My settler colleague, Israel Harel, his community's champion at rolling his eyes, playing innocent and speaking with a honeyed tongue, is once again grieving and playing the victim. In a column published here last week ("Have we become Sodom?" October 23), he complained that the reason for what he termed destructive criticism of the settlers is hatred. And indeed, Mr. Harel, this time, you're right: Large segments of Israeli society do indeed hate. But this is not baseless hatred, not hatred for the sake of hatred, to use your words. It is hatred for your enterprise. You have earned this hatred honestly - the only honest thing about your enterprise.
Yes, there are Israelis who do not want to see their countrymen despoiling the vineyards and burning the fields of poor farmers. Yes, there are Israelis who do not want to see troops of masked settlers beating elderly shepherds with clubs. Yes, there are Israelis who do not want to see other Israelis sicking their dogs on and puncturing the tires of the soldiers who protect them. Yes, there are Israelis who are embarrassed by the fact that tens of thousands of their fellow Israelis live on privately owned lands that were robbed, stolen and extorted, both in broad daylight and under cover of darkness.
And yes, there are Israelis who think that you have brought disaster upon us, a tragedy that will last for generations. That via your actions, you have brought wars and bloodshed and the brutalization of society upon us. That if you were not there, none of us would be there any longer, in a land that is not ours. That just as we withdrew from occupied South Lebanon - solely because, fortunately, you were not there - we would also long since have been able to withdraw from the areas you have occupied. Yes, there are Israelis who hate all this.
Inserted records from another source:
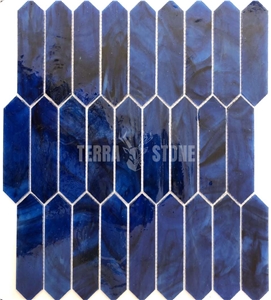 Stained Glass Mosaic Hexagon Artificial Blue Tile Stained Glass Mosaic Hexagon Artificial Blue Tile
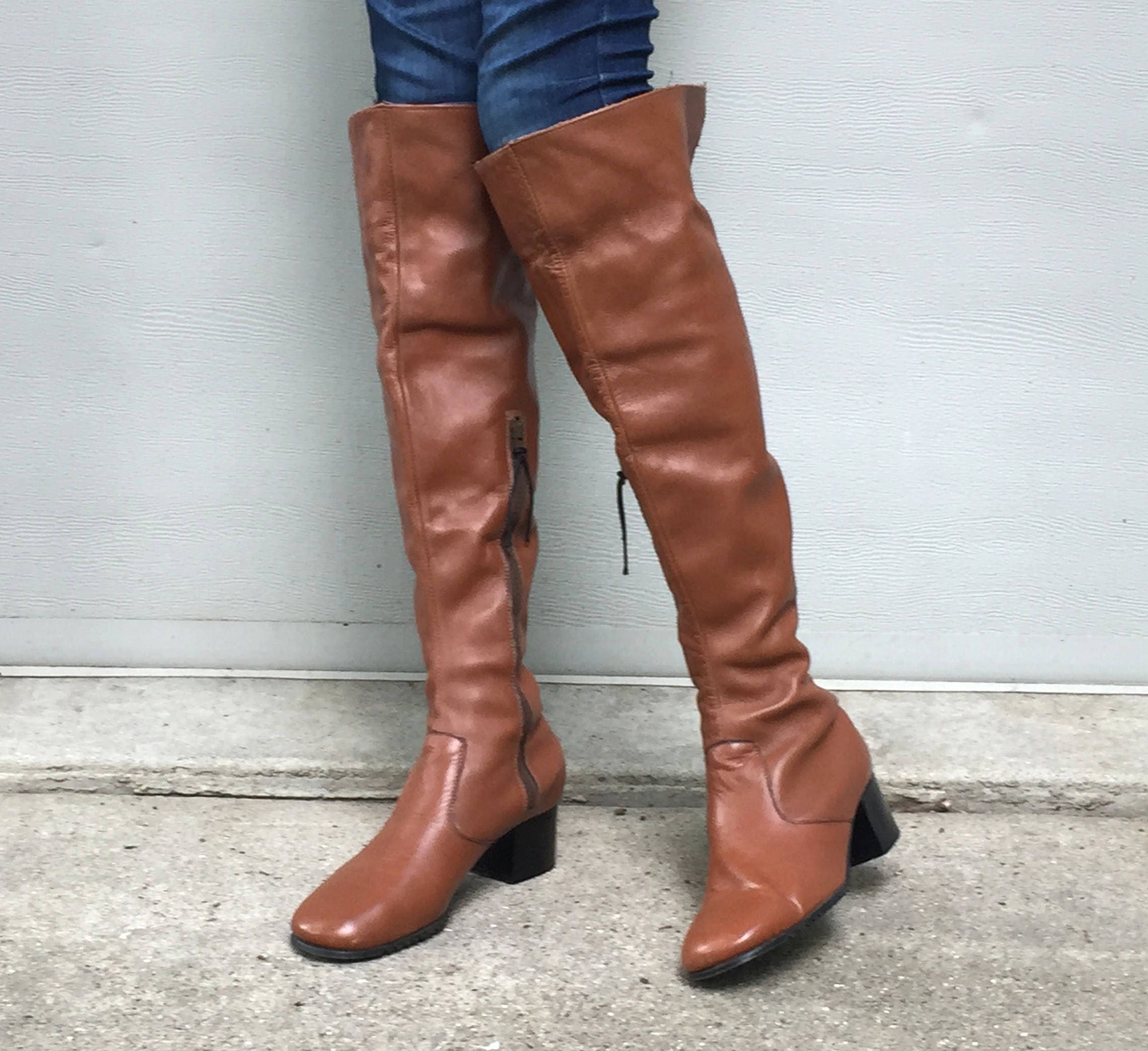 70s knee high platform boots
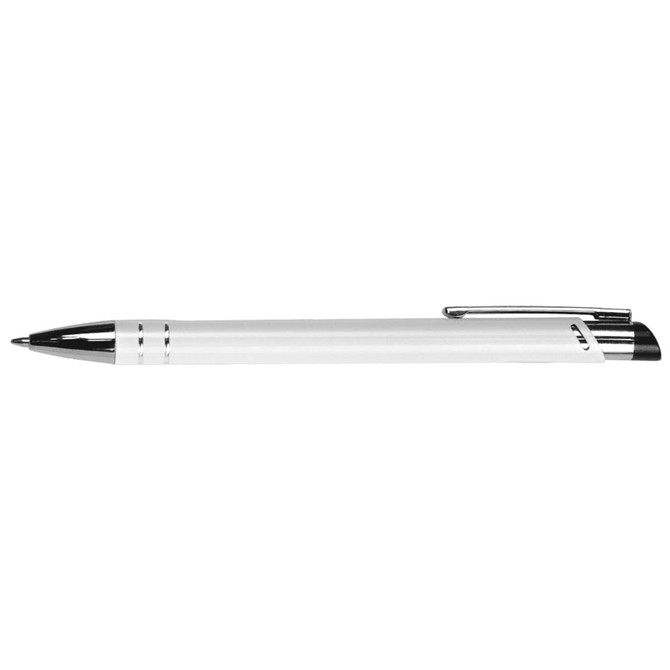 A white ballpoint pen with chrome accents and a clip. The pen features a sleek, metallic design.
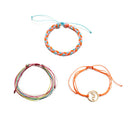 3pcs Boho Ethnic Weave Rope Bracelet DIY Beads Bangles Jewelry (Style 1) A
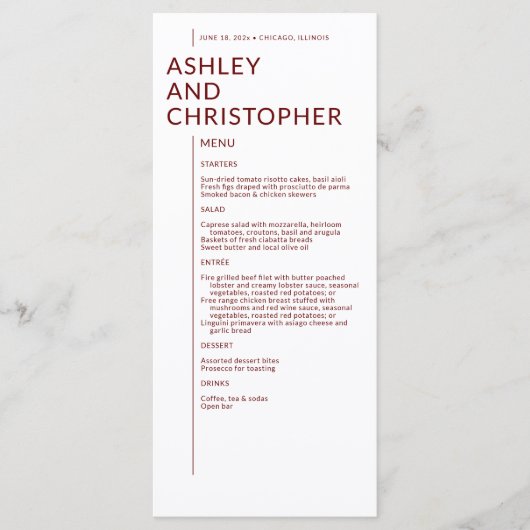 Ruby Red Isolated Namesのミニマル結婚リスト メニュー (正面)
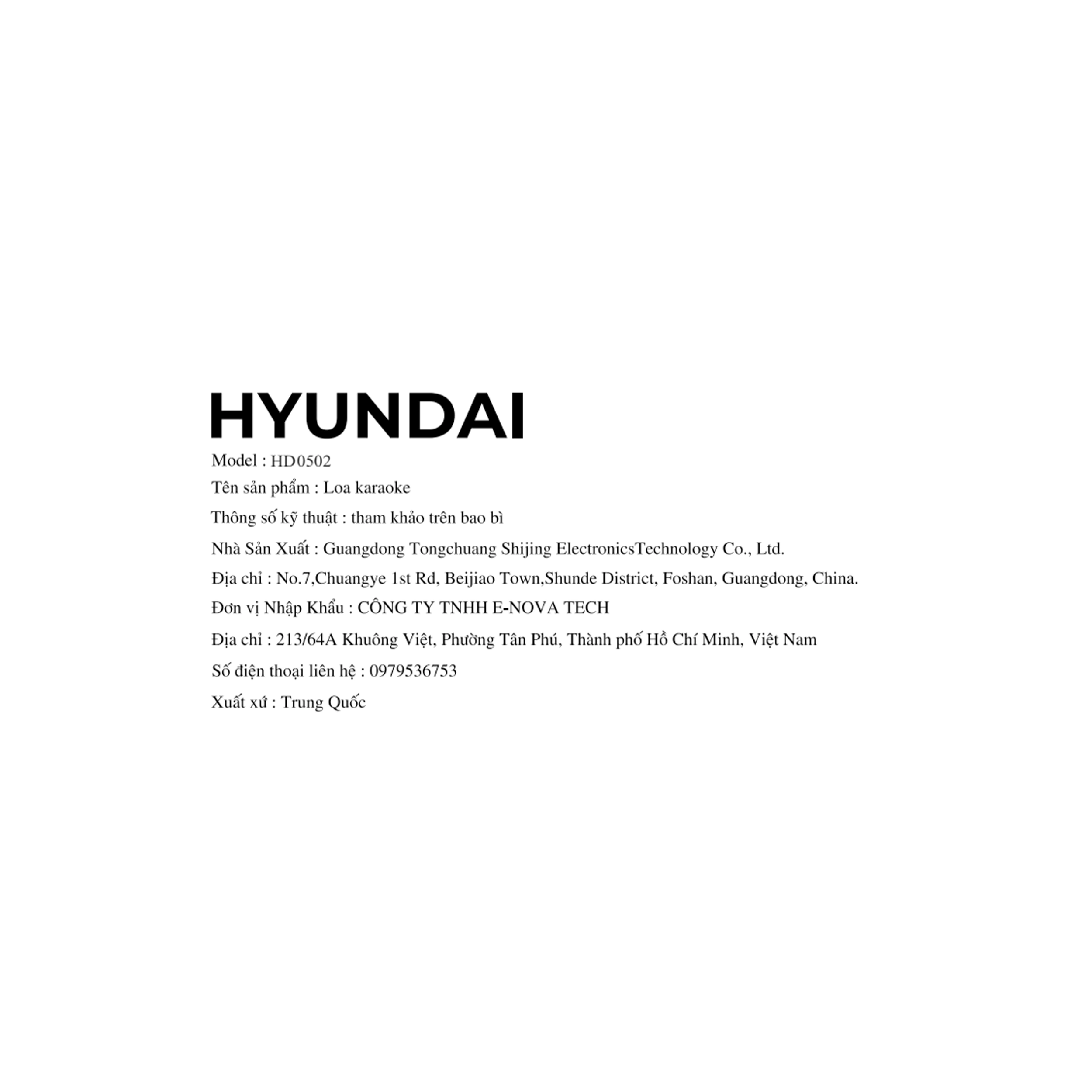 Loa Bluetooth karaoke Hyundai HD0502 Màu Đen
Harel complains about the fact that Israeli society is angry at the settlers as a collective. Unfortunately, it isn't angry enough. Every class and institution of Israeli society defends the settlements, finances them from its own pockets, and is a full partner in the theft, even if some of them are disgusted by it. The collective guilt is justified: Every settler and every settlement is equal. There are no illegal outposts and legal settlements - they are all illegal, according to both international law and universal justice, which have no need of legal sophistries. There are also no moderate and extremist settlements: No one who chooses to live in occupied land is a moderate.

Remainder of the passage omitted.